Fremantle Council issued a press release today headlined “Last Hurrah for Council Chambers.”

The mayor noted that in its 50 years the chamber had seen “memorable moments” like the huge crowd when the Esplanade Skate Park Plaza was voted through, the Kings Square plans and Amendment 49 (to allow developers to have high rise in Fremantle).

Ironically, these examples selected by the mayor were three highly controversial decisions of council – the skate park was contrary to council’s own Masterplan for Esplanade Park, upset locals, and should have been built in the car park and not on the green space of the park. The Kings Square Business Plan, like the controversial Markets Lease the mayor supported when he was a councillor, did not go out for public tender,  and there has never been a demand from the community for a new administration building. And, the MAJORITY of the community did NOT support the heights proposed in amendment 49.

The twin towers of good governance – transparency and accountability – have gone down, like the admin building, with the actions of Fremantle Council.

They will not rise again unless the community asks more questions and seeks better quality outcomes.

Warders Cottages

(Councillors meet ahead of their planning meetings and seem to formulate a ‘team’ view then of what outcomes should be for important planning agenda items. They seem to ignore the Fremantle Society view, as being one that is a ‘nuisance’ or ‘irritant’ to them, as though the Fremantle Society view is simply a narrow viewpoint. In formulating views and submissions on this isssue the Fremantle Society has consulted widely and has informed members of key aspects, as it has worked through the issues. We have consulted three staff at the National Trust, several staff at the Heritage Council, a conservation architect, the neighbors to the proposal, a former mayor, a senior retired architect, TV and print journalists, the former Premier of WA, and the Heritage Minister. The community is given very little time to respond to major issues, and to ensure transparency council should give much more notice of key developments).
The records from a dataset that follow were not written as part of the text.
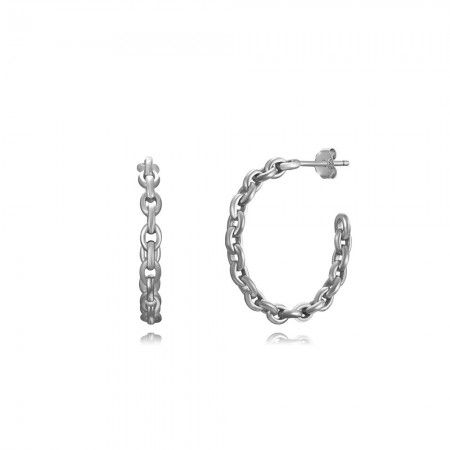 PENDIENTES PLATA ARO 25MM...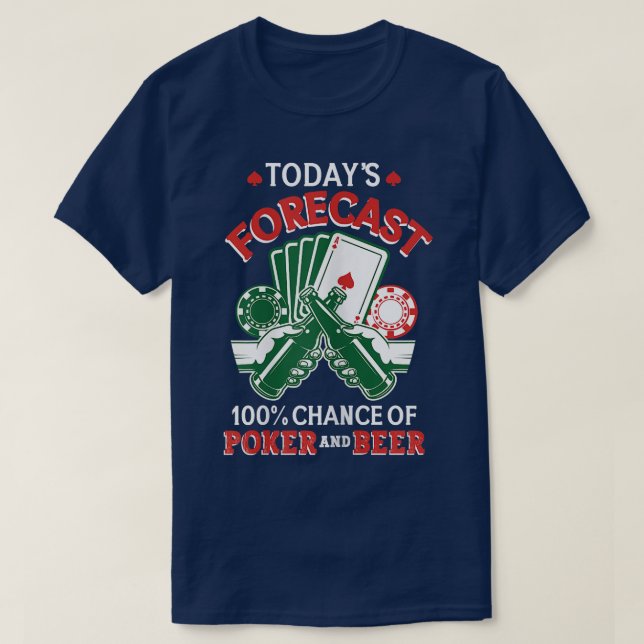 T-shirt Les Femmes Prévoient Aujourd'Hui 100% Chance De Po (Design devant)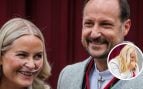 Mette-Marit con su marido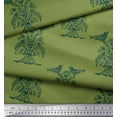 thumbnail image 2 of Soimoi Rayon Fabric Bird & Tree Block Printed Craft Fabric by The Yard 56 Inch Wide, 2 of 3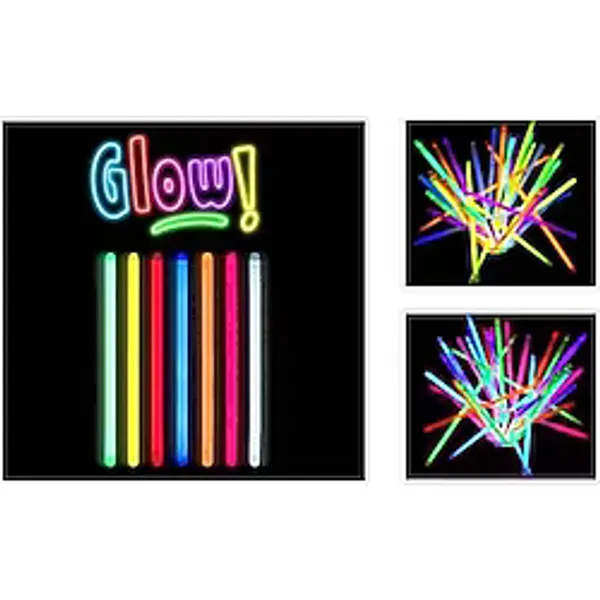 Glow Stick 20cm Fosforlu Kırılan Çubuk (10 Adet)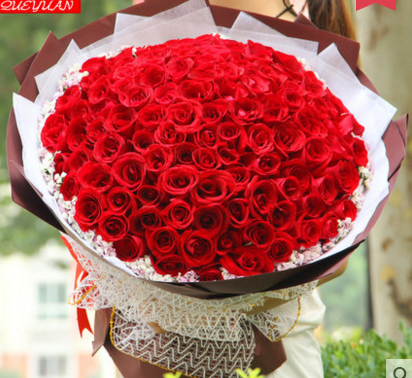 Valentines Day Red rose 99 Flowers 99 rose Propose flower birthday Bouquet of flowers Guangzhou Same city Flower expressin the Flower delivery/Flowers simulation/Plants gardening , Flower delivery(City) category - from Buy2taobao.com to provide professional Taobao agent buy service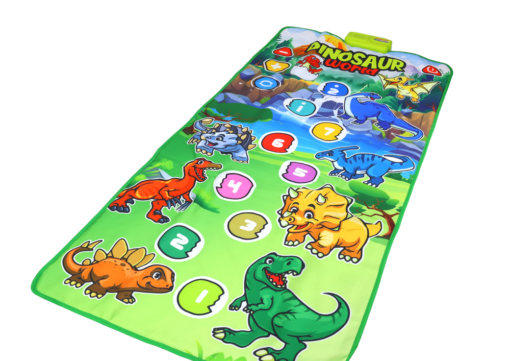 Edukacinis dinozaurų šokių kilimėlis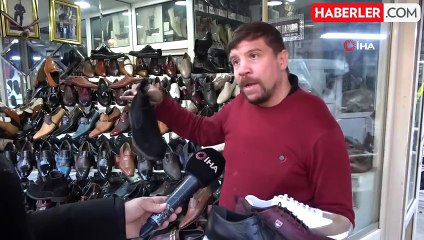 Kundura ustası Şaban Mungan: "Babamın mirasını yaşatıyorum"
The Warders Cottages issue is another example of a lack of transparency and accountability. The cottages, of national importance, have been poorly handled from day one, when council voted to support strata titling and privatisation of the cottages, contrary to expert advice and obvious best outcome being ownership remaining with the prison or another body like the National Trust.

At last week’s planning meeting, despite the officers admitting they had never seen the key guiding document for all the cottages – the 2016 Conservation Management Plan, the meeting proceeded, and not one councillor took any notice of the submission of the Fremantle Society. Councillors had no interest in discussing heritage, just how many patrons could fit into the beer garden.

The mayor states in today’s West Australian that tourists will flock to the cottages when the rear gardens have been totally eradicated and the rear aspect of the cottages ruined and obscured by second storey walkways.

It doesnt help that the Heritage Council, the ‘owners’ of the site and the decision makers about it, put a bulldozer through the rear gardens, aware that a proposal was before them for a beer garden.

For over 150 years these inner city cottages had their own inner city sanctum – a private garden, making them rare and highly important. But not one councillor stood up for the gardens. They should be reinstated.

The cottages are magical and have survived in good shape after 167 years. Any development of the site should be highly sensitive in order to keep the authenticity of the cottages and their gardens. THEN tourists will have something to salivate over.

The Fremantle Society and affected neighbours will make submissions on Friday to JDAP. There are six key issues with the current proposal:

a) Failure to address November 2016 Conservation Management Plan: The conservation plan has around 180 clear policies and the properties are sold subject to a Heritage Agreement which binds purchasers to follow the Conservation Plan. Policy 171 for example clearly states that only essential one storey structures can be erected in the historically important rear gardens, but two storeys are proposed.

b) Damage to nationally significant  British military colonial warders usage and garden significance: Based on previous work by the same applicant (Hougoumont Hotel), not enough sensitivity to the enormous heritage of the site will be shown in the works intended. The essence of the Heritage Act, in particular 11(3) states that “A decision making authority shall not take any action that might (whether or not adversely) affect to a significant extent a registered place or a place which is the subject of a Heritage Agreement”, but considerable changes are being sought.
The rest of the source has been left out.